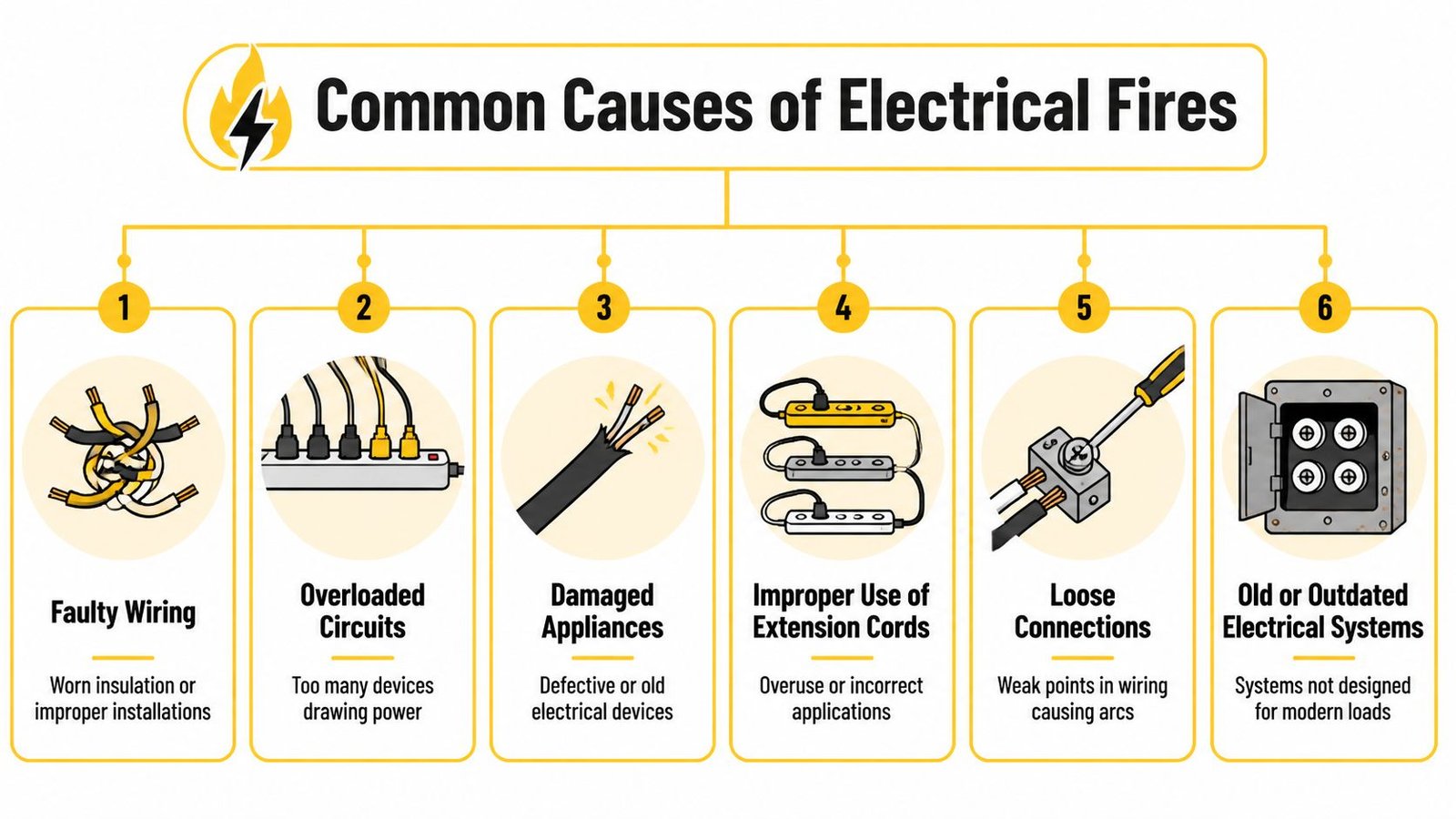 A diagram illustrating six common causes of residential electrical fires, including faulty wiring and overloaded circuits.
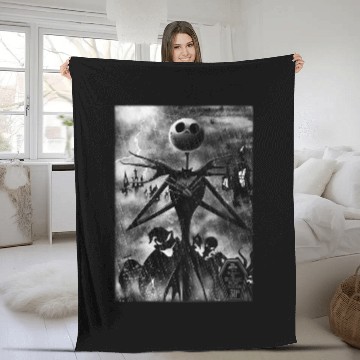 Discover Disney The Nightmare Before Christmas 2024 Jack In Graveyard Zip Fleece Blankets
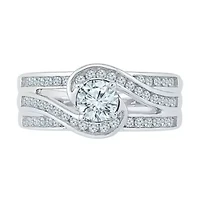 Womens Lab Created White Sapphire Sterling Silver Cocktail Ring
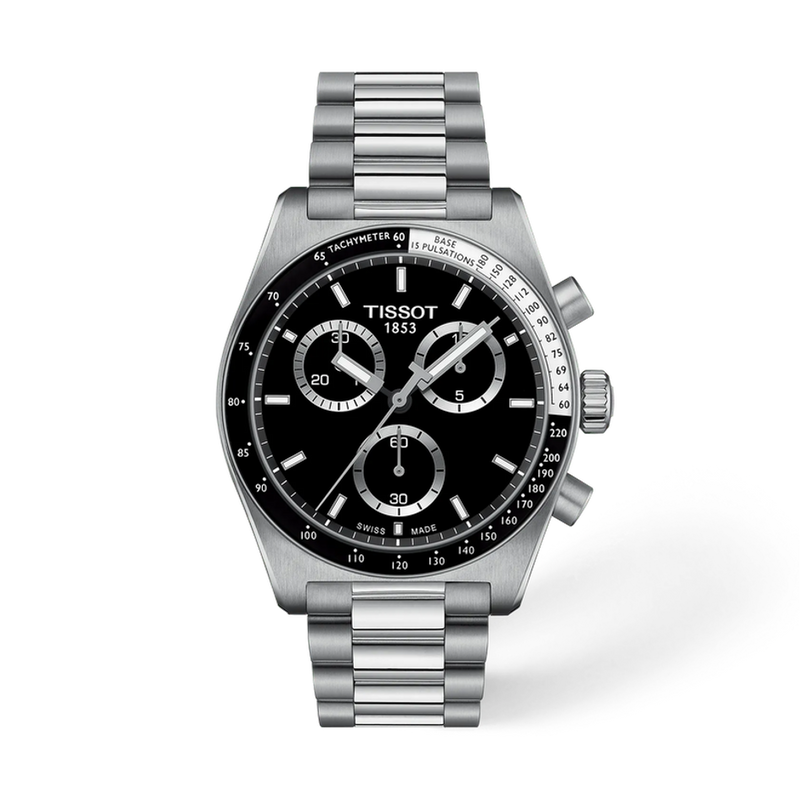 Tissot PR516 T149.417.11.051.00 black dial steel chronograph watch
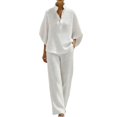 thumbnail image 4 of Breezora Women's Summer Casual Knit 2 Piece Outfit Batwing Sleeve Stand Collar Blouse Wide Leg Pants Loose Fit Set, 4 of 7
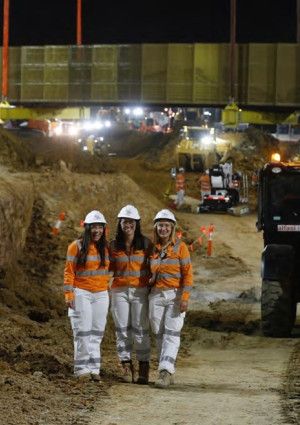 Three ladies standing in a construction site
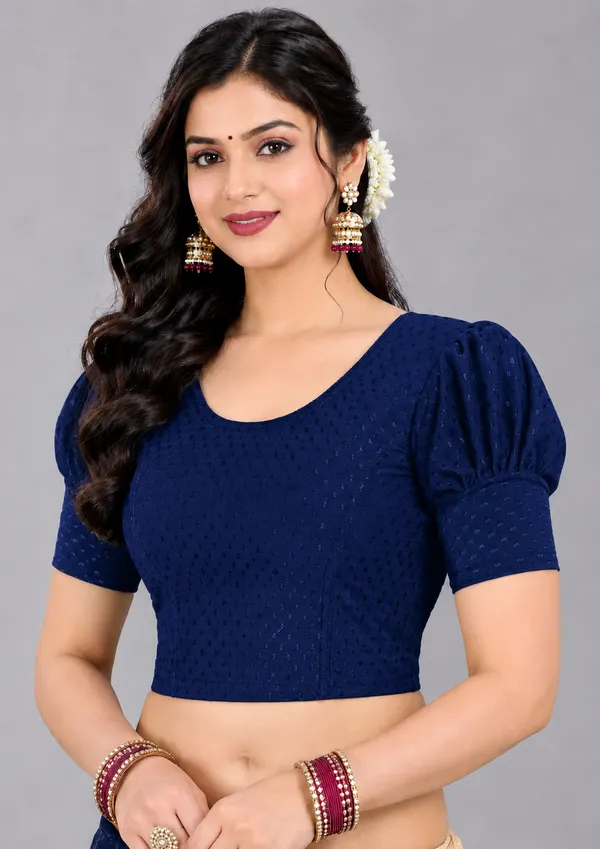 Navy_Blue_Cotton-Polyester_Puff_Sleeve_Cropped_Blouse_For_Women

> ACTION ITEM: The required output is every line from the one containing "Tissot PR516 T149.417.11.051.00" through the last line of the records, inclusive, reproduced exactly and without pictures.

> WRITTEN RESPONSE:
 Tissot PR516 T149.417.11.051.00 black dial steel chronograph watch
 thumbnail image 4 of Breezora Women's Summer Casual Knit 2 Piece Outfit Batwing Sleeve Stand Collar Blouse Wide Leg Pants Loose Fit Set, 4 of 7
 Three ladies standing in a construction site
 Navy_Blue_Cotton-Polyester_Puff_Sleeve_Cropped_Blouse_For_Women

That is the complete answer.